## Activity
Using the material below, print a verbatim copy of every line from the one containing "Banjir di Kecamatan Trucuk" through the one containing "Eurasian jay - a bird of the crow family.", inclusive, and omit the pictures.

## Task material
____

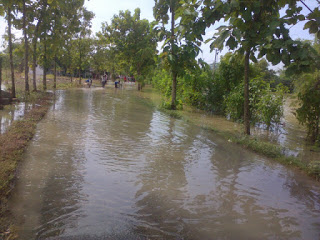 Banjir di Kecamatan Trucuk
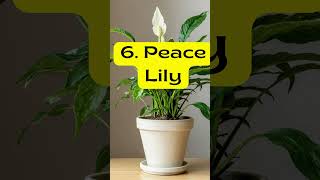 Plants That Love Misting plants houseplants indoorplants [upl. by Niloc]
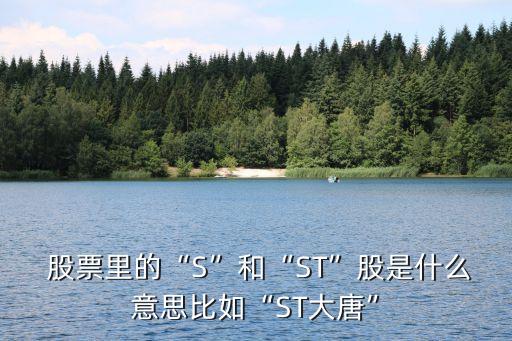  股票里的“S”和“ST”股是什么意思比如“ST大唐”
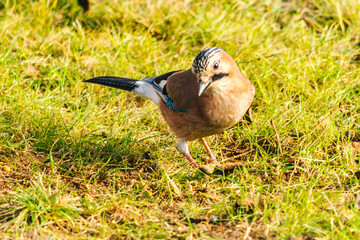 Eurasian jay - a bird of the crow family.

____

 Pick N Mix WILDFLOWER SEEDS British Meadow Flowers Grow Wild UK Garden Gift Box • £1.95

____

## Task answer
 Banjir di Kecamatan Trucuk
 Plants That Love Misting plants houseplants indoorplants [upl. by Niloc]
  股票里的“S”和“ST”股是什么意思比如“ST大唐”
 Eurasian jay - a bird of the crow family.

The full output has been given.